Gubernur Federal Reserve Bank of Atlanta, Raphael Bostic, menyatakan bahwa The Fed sebaiknya mempertahankan suku bunga pada level saat ini untuk terus menekan inflasi.
"Kita harus tetap berada di posisi ini," ujar Bostic dalam konferensi perumahan di Atlanta pada Rabu (26/2/2025).
"Kita bisa mengatakan bahwa mandat ketenagakerjaan telah tercapai, dan sekarang kita harus mengendalikan mandat stabilitas harga," lanjutnya. "Kita perlu tetap dalam kebijakan yang restriktif."
Sementara itu, dari dalam negeri, volatilitas pergerakan harga saham sepertinya masih akan membebani setelah kemarin akhirnya ditutup menguat 0,29%.
Adapun di pasar surat utang, sentimen pasar global sebenarnya lebih positif dengan penurunan yield Treasury, surat utang AS, hingga ke level 4,25% untuk tenor 10Y. Bahkan untuk tenor terpanjang, yield UST-30Y terpangkas 4,6 basis poin ke level 4,50%.
Penurunan yield UST memperlebar selisih imbal hasil investasi dengan surat utang RI, kini posisinya di kisaran 259 basis poin.

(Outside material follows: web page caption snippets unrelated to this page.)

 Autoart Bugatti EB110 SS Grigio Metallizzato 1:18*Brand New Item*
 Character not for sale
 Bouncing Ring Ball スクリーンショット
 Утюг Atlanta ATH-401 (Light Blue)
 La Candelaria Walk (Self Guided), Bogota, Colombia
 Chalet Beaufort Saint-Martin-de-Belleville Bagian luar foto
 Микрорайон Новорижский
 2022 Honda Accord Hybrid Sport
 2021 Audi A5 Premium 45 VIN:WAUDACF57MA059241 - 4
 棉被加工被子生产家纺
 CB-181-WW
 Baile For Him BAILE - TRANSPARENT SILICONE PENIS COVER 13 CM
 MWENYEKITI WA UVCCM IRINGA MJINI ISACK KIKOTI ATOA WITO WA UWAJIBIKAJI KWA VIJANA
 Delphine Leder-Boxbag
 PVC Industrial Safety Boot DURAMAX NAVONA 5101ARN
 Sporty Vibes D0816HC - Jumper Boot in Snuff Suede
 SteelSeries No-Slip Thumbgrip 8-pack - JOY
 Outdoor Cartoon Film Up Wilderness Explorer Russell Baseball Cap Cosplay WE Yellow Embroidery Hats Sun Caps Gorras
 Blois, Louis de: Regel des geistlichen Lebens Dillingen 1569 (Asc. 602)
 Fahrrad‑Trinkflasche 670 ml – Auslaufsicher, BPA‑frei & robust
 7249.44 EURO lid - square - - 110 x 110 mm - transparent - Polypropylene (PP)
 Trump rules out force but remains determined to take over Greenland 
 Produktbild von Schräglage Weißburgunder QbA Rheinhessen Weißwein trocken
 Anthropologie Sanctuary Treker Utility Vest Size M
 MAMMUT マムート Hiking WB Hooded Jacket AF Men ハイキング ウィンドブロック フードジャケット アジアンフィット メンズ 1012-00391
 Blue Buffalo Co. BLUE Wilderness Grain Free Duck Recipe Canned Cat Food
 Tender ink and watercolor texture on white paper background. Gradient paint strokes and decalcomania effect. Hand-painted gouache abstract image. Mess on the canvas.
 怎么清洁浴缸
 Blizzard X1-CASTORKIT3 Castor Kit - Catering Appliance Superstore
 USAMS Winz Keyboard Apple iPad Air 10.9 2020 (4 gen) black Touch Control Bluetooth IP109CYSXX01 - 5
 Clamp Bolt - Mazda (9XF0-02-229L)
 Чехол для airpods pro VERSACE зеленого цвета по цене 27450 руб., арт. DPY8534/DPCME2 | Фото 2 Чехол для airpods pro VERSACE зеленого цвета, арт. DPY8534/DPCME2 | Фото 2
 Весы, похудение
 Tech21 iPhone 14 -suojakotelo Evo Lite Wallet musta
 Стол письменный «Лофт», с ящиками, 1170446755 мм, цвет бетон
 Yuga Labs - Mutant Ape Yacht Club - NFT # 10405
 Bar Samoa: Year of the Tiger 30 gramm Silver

Pelebaran selisih itu mungkin akan menaikkan daya tarik surat utang rupiah yang kemarin cenderung tertekan.
Pada pembukaan pasar valas Asia pagi ini, sebagian mata uang tertekan oleh dolar AS. Di antaranya, baht tergerus 0,18%, won 0,09% dan ringgit 0,01%.
Sementara yen menguat 0,05%, dolar Singapura 0,04% dan dolar Hong Kong 0,01%.
Kerugian bagi AS
Penelitian terbaru menunjukkan, kebijakan tarif impor terbaru Donald Trump terhadap produk dari China bisa berdampak lebih besar terhadap ekonomi Amerika Serikat dibandingkan data perdagangan resmi yang dilaporkan pemerintah AS.
Menurut studi dari para ekonom di Federal Reserve Bank of New York, dampak ini akan semakin parah jika pemerintahan Trump menghapus perlakuan khusus terhadap impor "de minimis"—barang yang bernilai di bawah US$800.
"Impor AS dari China sebenarnya menurun jauh lebih sedikit dibandingkan yang dilaporkan dalam statistik resmi AS," tulis peneliti New York Fed, Hunter L. Clark, dalam sebuah blog pada Rabu (26/2/2025).
"Akibatnya, kenaikan tarif terbaru terhadap China bisa berdampak lebih besar terhadap ekonomi AS daripada yang ditunjukkan oleh data resmi tentang pangsa impor China."